LongAttnComp: クロスファミリーコンテキスト圧縮による長文脈推論

要旨

実世界のアプリケーションにおいて10万トークン以上の入力を処理する必要性が増すにつれ、コンテキスト長と推論効率のギャップは重要なボトルネックとなっている。コンテキスト圧縮は、タスク精度を維持しつつプリフィルコストを削減する方法を提供する。しかし、既存の学習不要なアテンションベース手法では、コード推論などの要求の厳しい長文コンテキストタスクにおいて、大きな課題が残されている。本稿では、AttnCompの長文コンテキスト向け適応であるLongAttnCompを提案する。これは、軽量なクロスアテンションスコアリング層を微調整し、トークンレベルのチャンキング、トークンバジェットtop-pアルゴリズム、位置の再順序付け、形式に依存しないクエリパーサを導入する。さらに、圧縮器向けに2段階の微調整レシピを設計する。ステージ1ではNIAHスタイルのデータから汎用的な検索基盤を構築し、ステージ2ではマルチホップおよび推論データを追加して、より広範な長文コンテキストタスクをカバーする。InfiniteBench Code-Debugにおいて、LongAttnCompはフルコンテキスト精度と同等またはそれを上回り、学習不要ベースラインを大幅に上回り、3ファミリーの4つのターゲットモデル間で転移可能である。LongBench v2では、2段階レシピによりマルチ文書推論におけるステージ1のギャップを大幅に縮小しつつ、Code-Debugの性能を維持する。

English

As real-world applications increasingly require processing inputs of 100k+ tokens, the gap between context length and inference efficiency has become a critical bottleneck. Context compression offers a way to reduce prefill costs while preserving task accuracy. However, existing training-free attention-based methods leave substantial gaps in demanding long-context tasks such as code reasoning. We present LongAttnComp, a long-context adaptation of AttnComp that fine-tunes a lightweight cross-attention scoring layer and introduces tokenlevel chunking, a token-budget top-p algorithm, positional reordering, and a formatagnostic query parser. We further design a two-stage fine-tuning recipe for the compressor: Stage 1 builds a general retrieval foundation from NIAH-style data, and Stage 2 extends it with multi-hop and reasoning data for broader long-context task coverage.
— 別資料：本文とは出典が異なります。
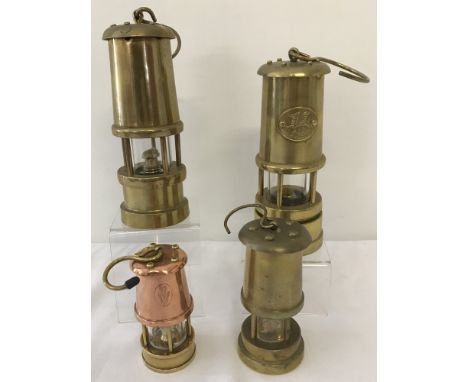 4 small vintage brass collectable miners lamps. To include one with a copper finish and one with a welsh dragon name plate an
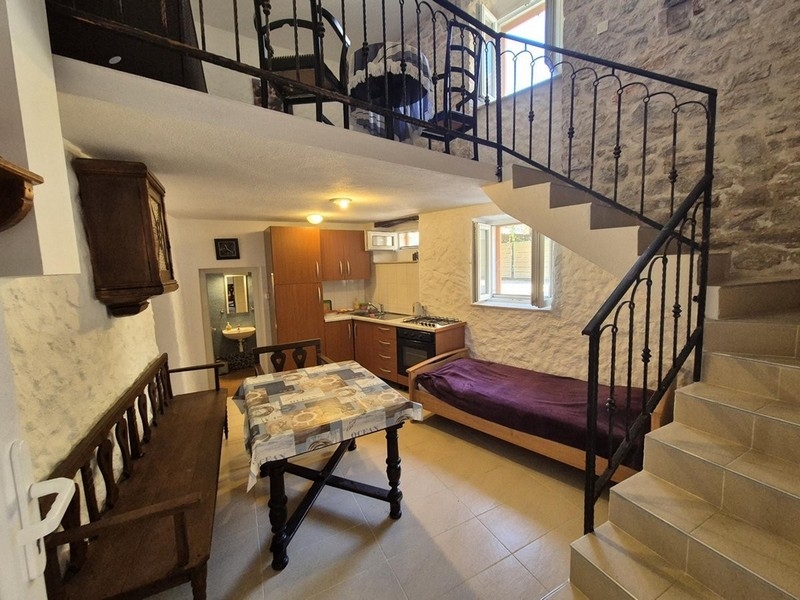 Vardagsrum i rustik stil med träbjälkar och stentrappor.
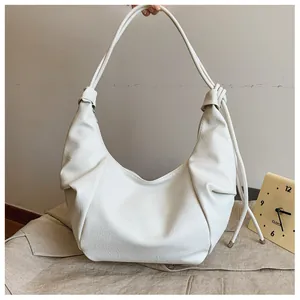 Detail view of cream white pleated dumpling bag with elegant knotted shoulder strap design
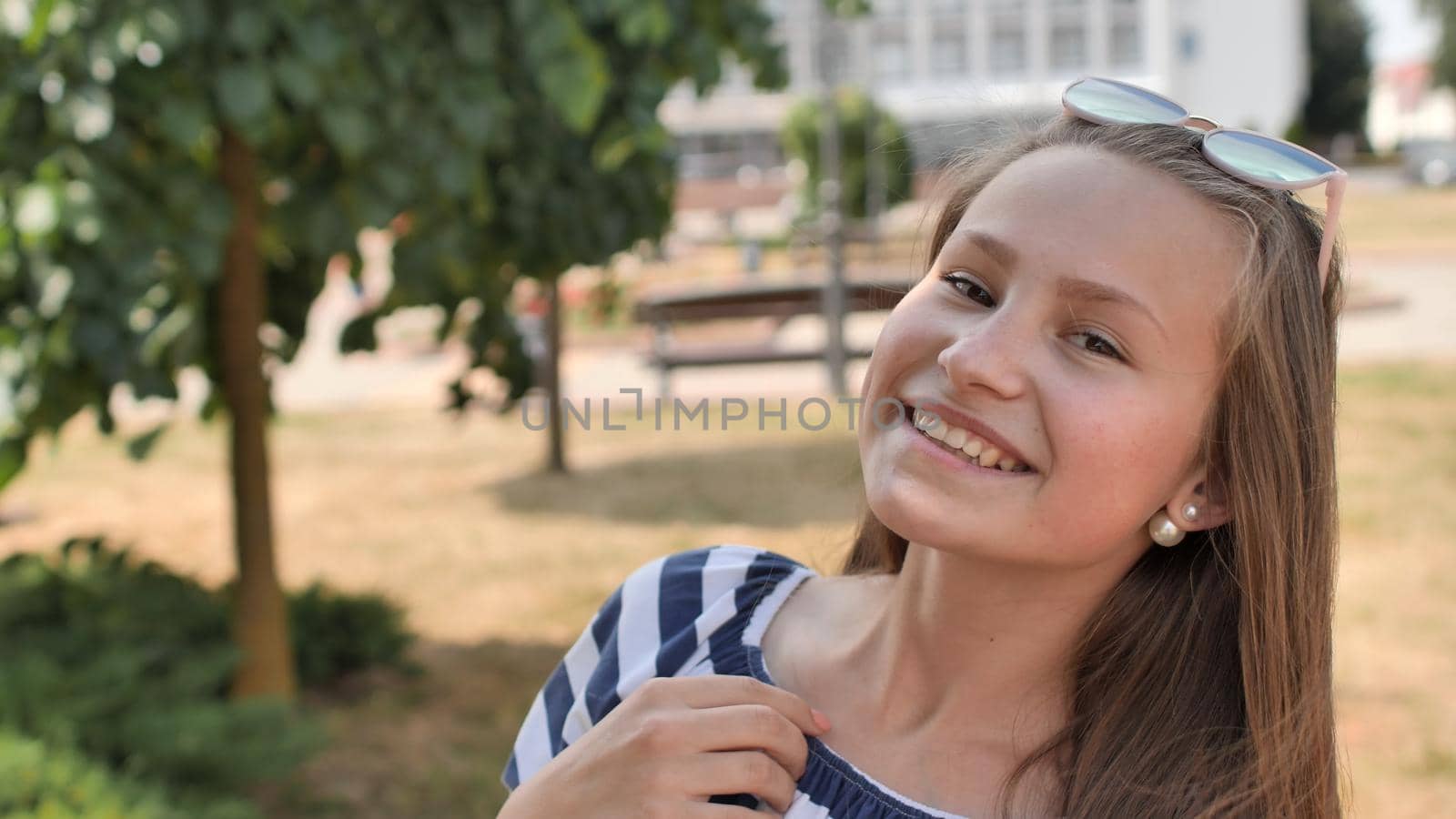 Portrait of a young smiling girl in the park on a summer day. by DovidPro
On InfiniteBench Code-Debug, LongAttnComp matches or exceeds full-context accuracy, substantially outperforms training-free baselines, and transfers across four target models from three families. On LongBench v2, the two-stage recipe largely closes the Stage 1 gap on multi-document reasoning while preserving Code-Debug performance.